The insurance industry expects the budget proposals to increase disposable income through hike in tax rebates, pensions, health cover for the masses and digital connectivity, help the sector grow faster.
"The interim budget aims to uplift the poor, both in cities as well as in villages," ICICI Lombard General Insurance's Bhargav Dasgupta said.
For the insurance industry, the schemes aimed at boosting farmers' income and reducing tax outgoes for the middle-class will encourage consumption, while the plan to develop 1 lakh digital villages will boost digital infrastructure, he added.
It can be noted that apart from providing income tax rebate of up to Rs 5 lakh and Rs 6000 per annum in basic income support to small farmers, the budget also rolled out a target to have 1 lakh 'digital villages'.

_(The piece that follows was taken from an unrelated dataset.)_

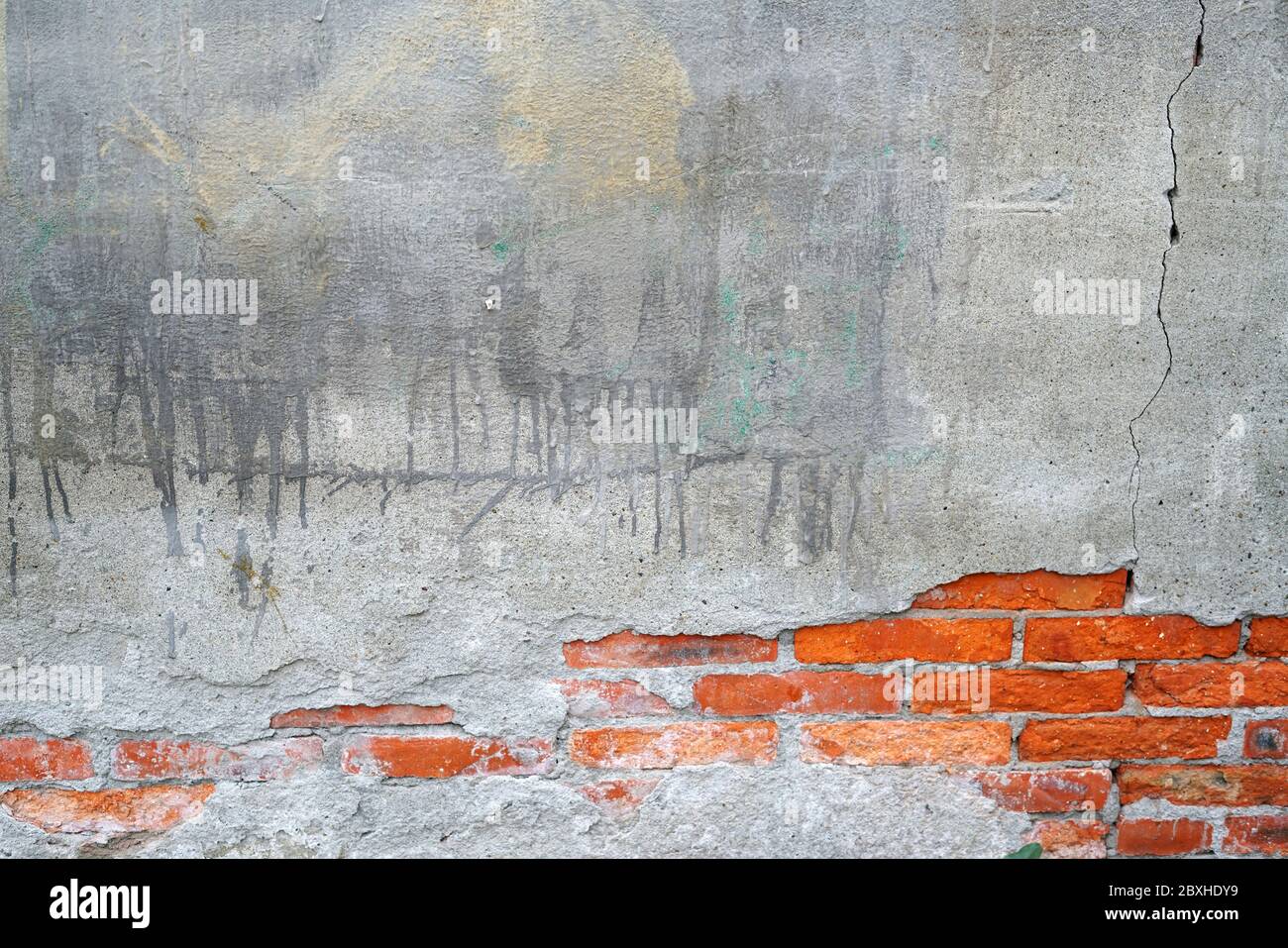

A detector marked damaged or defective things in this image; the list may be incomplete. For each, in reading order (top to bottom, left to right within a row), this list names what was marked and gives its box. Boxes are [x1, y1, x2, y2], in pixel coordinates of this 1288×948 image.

The life insurance industry will benefit from the increase in disposable incomes, high digital connectivity in the hinterlands and focus on infrastructure boosting job creation, Pankaj Razdan of Aditya Birla Sun Life said.
The mega pension scheme for the unorganised sector is also a positive for the sector, he said as it is a well- thought-out plan.
Aegon Life' Saba Adil explained the proposal to remove tax threshold on gross income up to Rs 6.5 lakh, if managed well, can give an impetus to life insurance industry as insurance is an important tax saving tool.
With the Ayushman Bharat being the focus, health insurance penetration and healthcare infrastructure will get a major boost, Tapan Singhel of Bajaj Allianz General Insurance said.